» **Recorded data**:
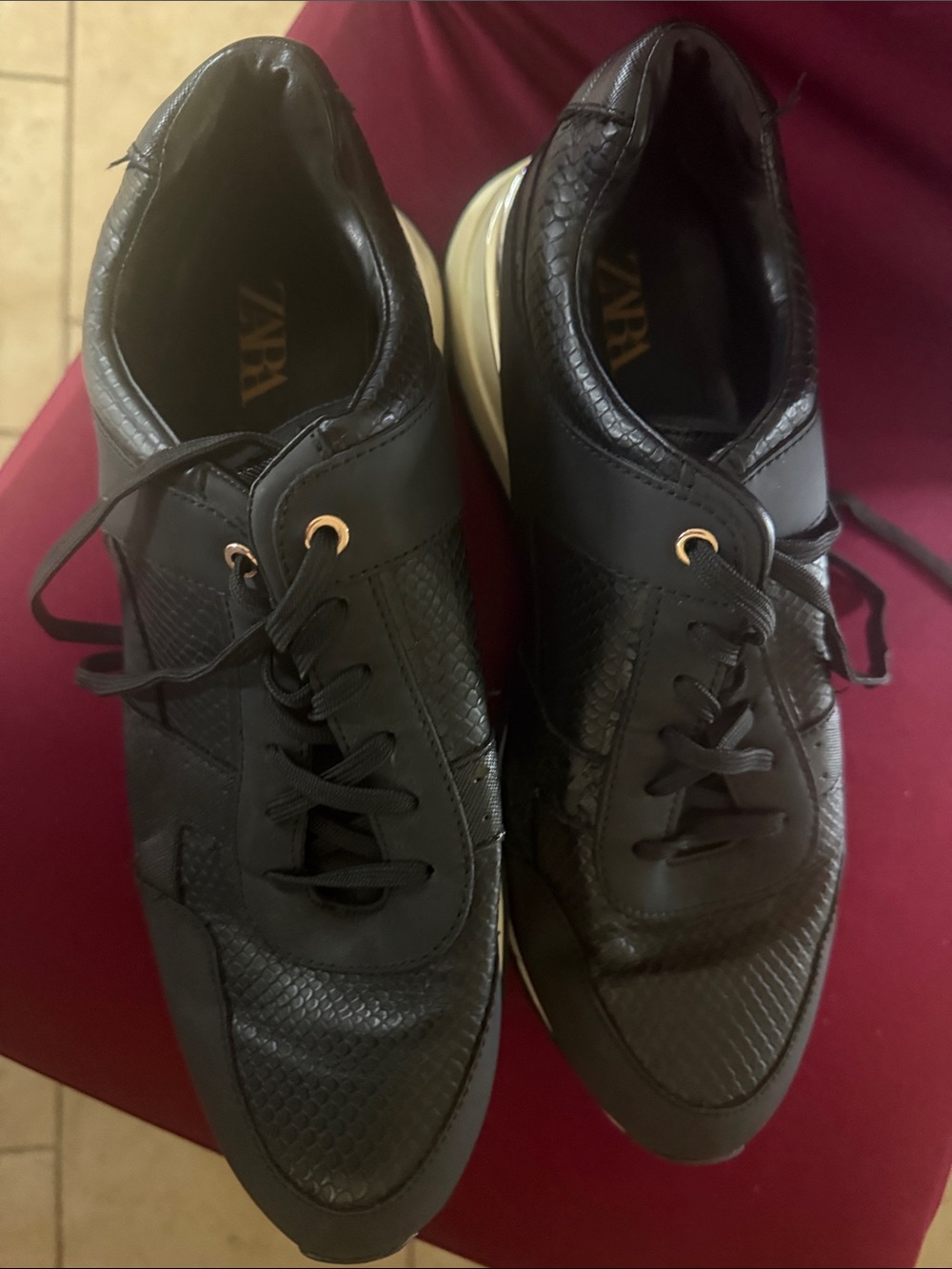 Zara Black Textured Lace-Up Sneakers with Gold Eyelets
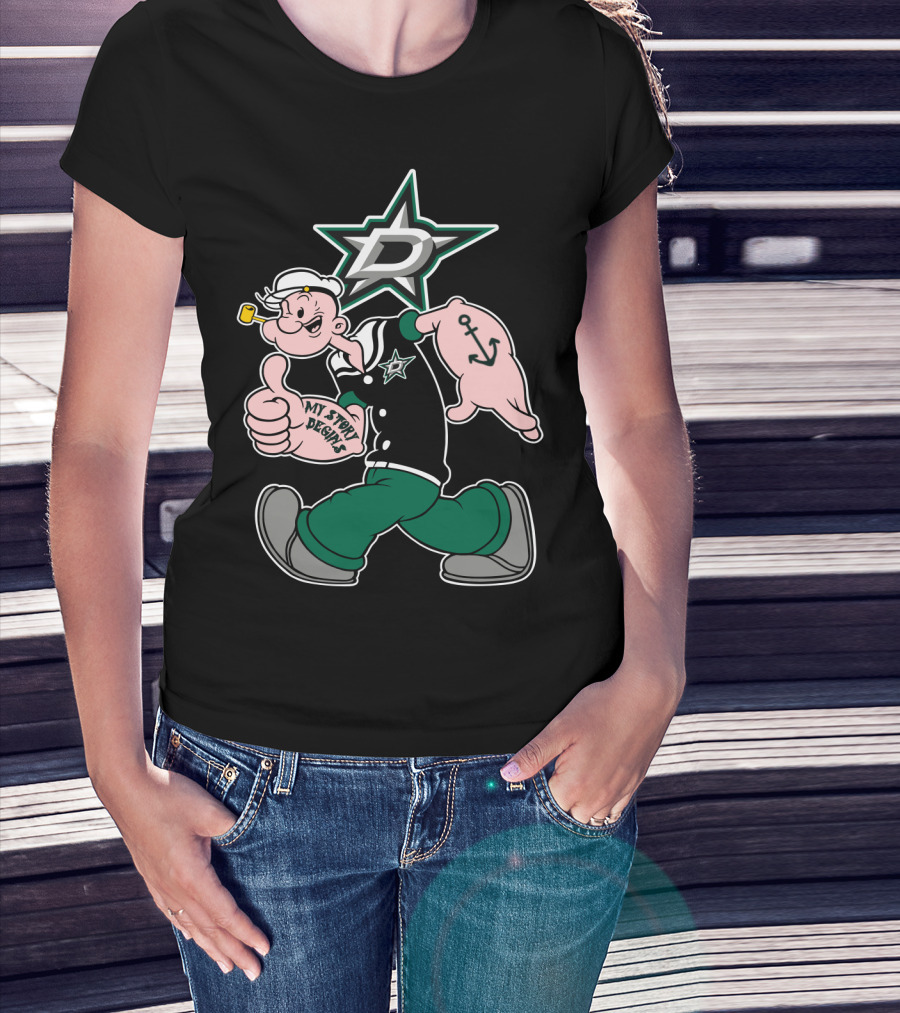 My Story Designs Dallas Stars Popeye Anchor 82 T-Shirt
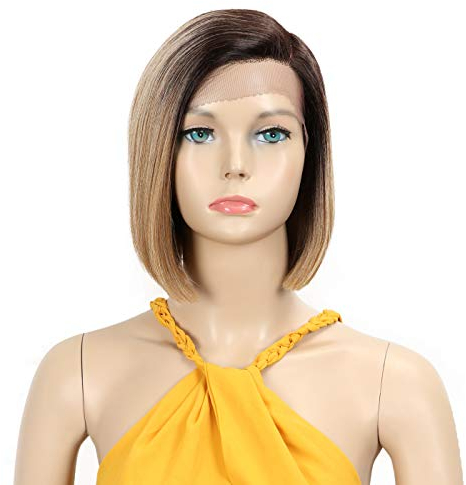 Début Lace Front Perücke für schwarze Damen Bob Perücke für weiße Damen Kunsthaar 24 cm 120g Braun Glatt Schweizer Spitze Hitzebeständige Fasern Halb Handgebunden (24 cm, TT6/23C)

» **Exercise aim**: Take the line that contains "My Story Designs" and all lines after it to the end of the material above, and copy them verbatim without any images.

» **Task response**:
 My Story Designs Dallas Stars Popeye Anchor 82 T-Shirt
 Début Lace Front Perücke für schwarze Damen Bob Perücke für weiße Damen Kunsthaar 24 cm 120g Braun Glatt Schweizer Spitze Hitzebeständige Fasern Halb Handgebunden (24 cm, TT6/23C)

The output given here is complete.